• [YOUR INSTRUCTIONS]:
Write out every entry below exactly as it appears. Pictures do not belong in the copy.

Captioned web image data:

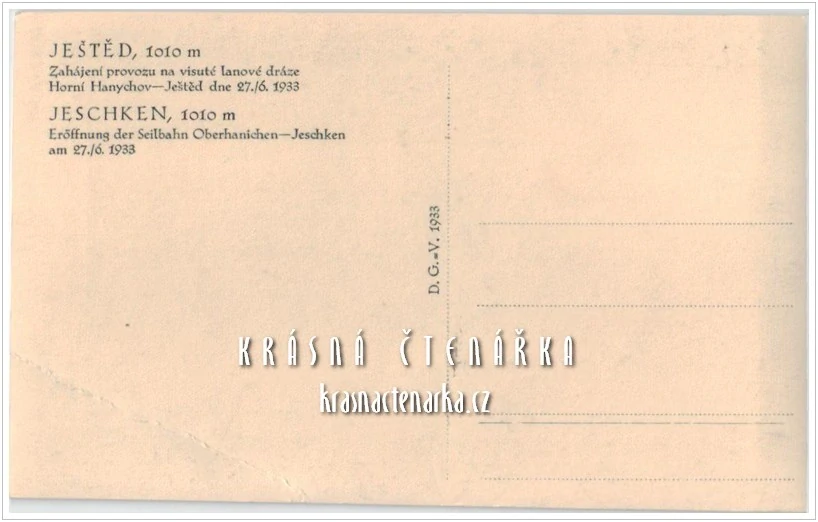 Hora JEŠTĚD a horský hotel (vydáno 1933)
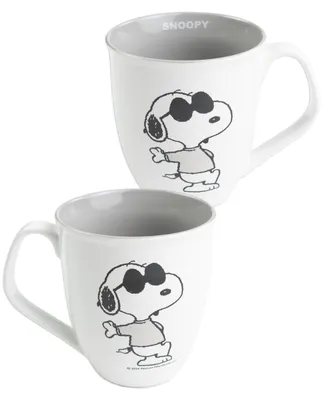 Produktbild von The Peanuts Snoopy Tasse - Kaffeetasse Becher Kaffeebecher aus Keramik Grau Weiß 280 ml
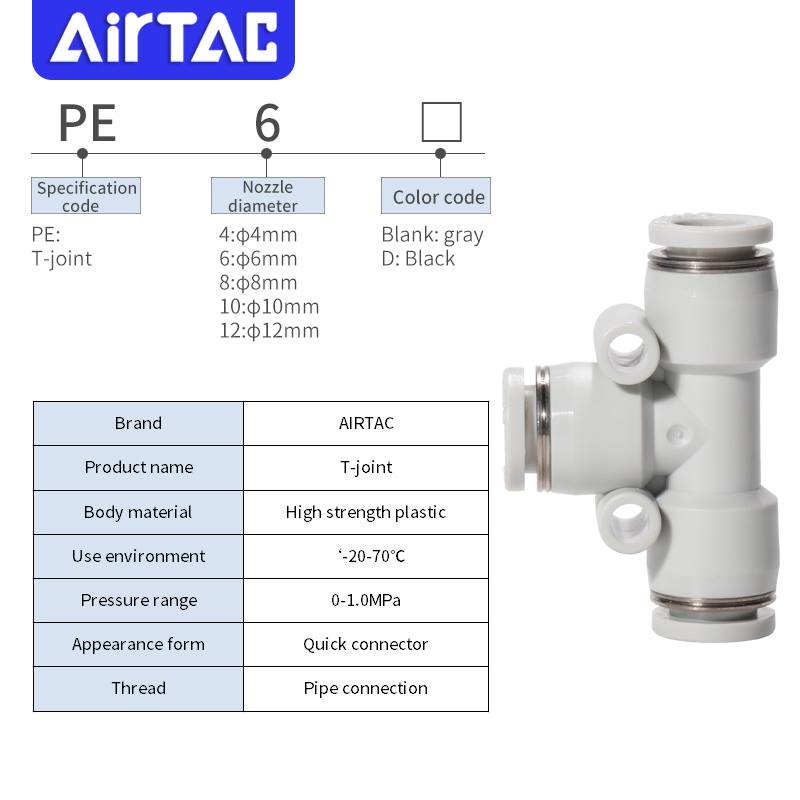 PE4-6-8-10-12 White Plastic Pneumatic Fitting - AIRTAC Push to Elbow Series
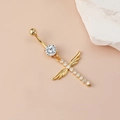 Gold navel ring with crystal cross and angel wings pendant on a stylish pink backdrop - Angel Wing Cross / Gold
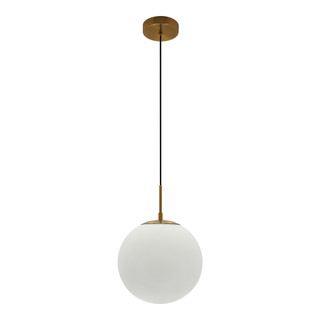 Westgate 12 in. Frosted Glass LED 12W 600LM 5-CCT Architectural Globe Pendant 67 in. - Gold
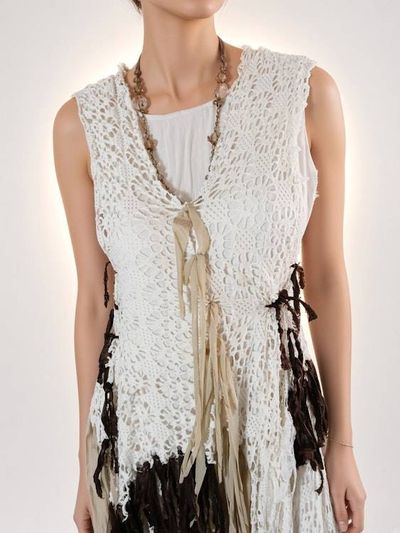 Alternate image for One of a kind Bohemian handmade cotton maxi dress with crochet and lots fringe detail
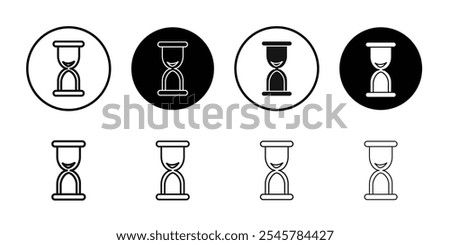 Hourglass end icon flat line symbol set.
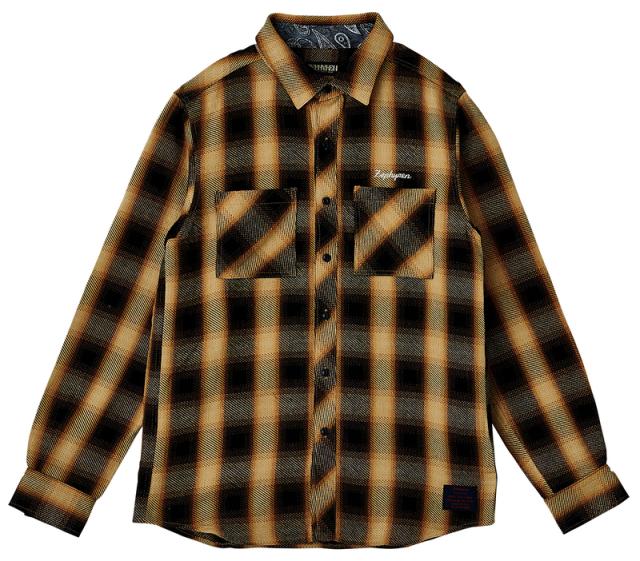 Zephyren ゼファレン CHECK SHIRT L/S - Resolve - BLACK / YELLOW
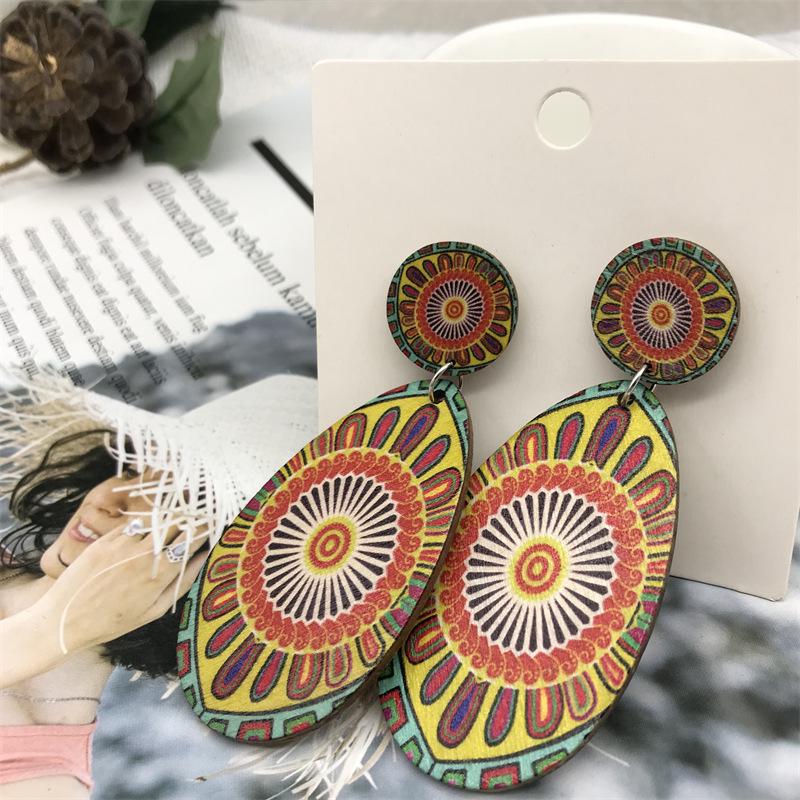 Earrings: African Retro Ethnic Style Sunflower Wooden Long Bohemian Travel Beach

• [EXERCISE ANSWER]:
 Hora JEŠTĚD a horský hotel (vydáno 1933)
 Produktbild von The Peanuts Snoopy Tasse - Kaffeetasse Becher Kaffeebecher aus Keramik Grau Weiß 280 ml
 PE4-6-8-10-12 White Plastic Pneumatic Fitting - AIRTAC Push to Elbow Series
 Gold navel ring with crystal cross and angel wings pendant on a stylish pink backdrop - Angel Wing Cross / Gold
 Westgate 12 in. Frosted Glass LED 12W 600LM 5-CCT Architectural Globe Pendant 67 in. - Gold
 Alternate image for One of a kind Bohemian handmade cotton maxi dress with crochet and lots fringe detail
 Hourglass end icon flat line symbol set.
 Zephyren ゼファレン CHECK SHIRT L/S - Resolve - BLACK / YELLOW
 Earrings: African Retro Ethnic Style Sunflower Wooden Long Bohemian Travel Beach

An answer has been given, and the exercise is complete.